HCG: = humaan choriongonadrotrofine. ‘Het zwangerschapshormoon’. Wordt aangemaakt in de placenta. Het stimuleert de productie van progesteron. Dit hormoon veroorzaakt de eerste zwangerschapsverschijnselen, zoals misselijkheid en moeheid.
HPL: = humaan placentair lactogeen hormoon. Wordt geproduceerd in de placenta. Is vanaf 4 weken zwangerschap aanwezig. Het voorkomt dat het lichaam de zwangerschap uitstoot. Het speelt ook een rol bij de suikerstofwisseling en rent het andere hormoon, prolactine, dat de borstvoeding stimuleert.

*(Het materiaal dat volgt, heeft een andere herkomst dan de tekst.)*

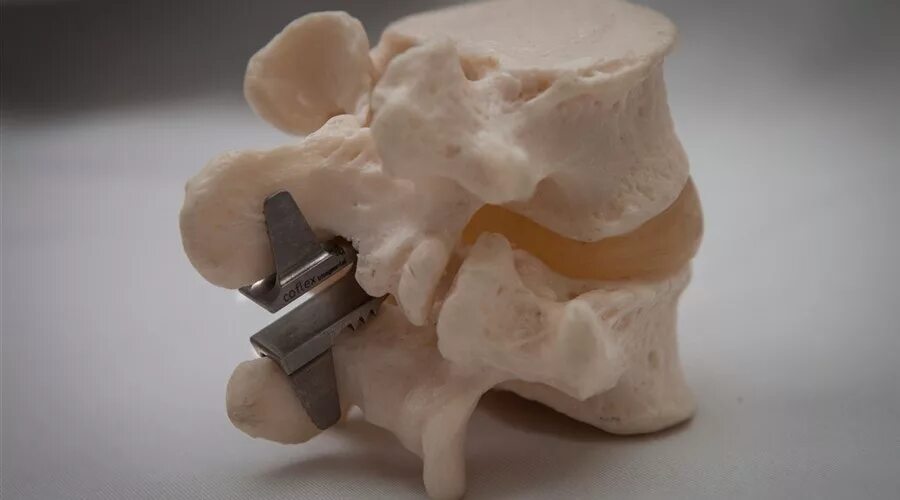 Операция замена дисков позвоночника. Межпозвоночный имплант l5 s1 Diam. Имплант Кофлекс грыжа. Титановый имплант COFLEX. Силиконовый имплант в позвоночнике грыжа.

Prolactine: Dit wordt geproduceerd in de hypofyse. Dit hormoon speelt een rol bij de ontwikkeling van de melkklieren. Het heeft ook invloed op de samenstelling, volume en afgifte van de moedermelk.
Oxytocine: Dit wordt geproduceerd door de hypothalamus. Tijdens een zwangerschap worden de afgifte en de werking beperkt door de hoge progesteronspiegels. Rondom de bevalling neemt de hoeveelheid progesteron af en neemt de invloed van oxytocine toe. Oxytocine speelt een rol bij het samentrekken van de baarmoeder rondom de bevalling en bij de samentrekking rondom de melkkanaaltjes van de borsten waardoor melk naar buiten geperst wordt. Afgifte van oxytocine wordt sterk gestimuleerd op het moment dat een baby uit de borst drinkt.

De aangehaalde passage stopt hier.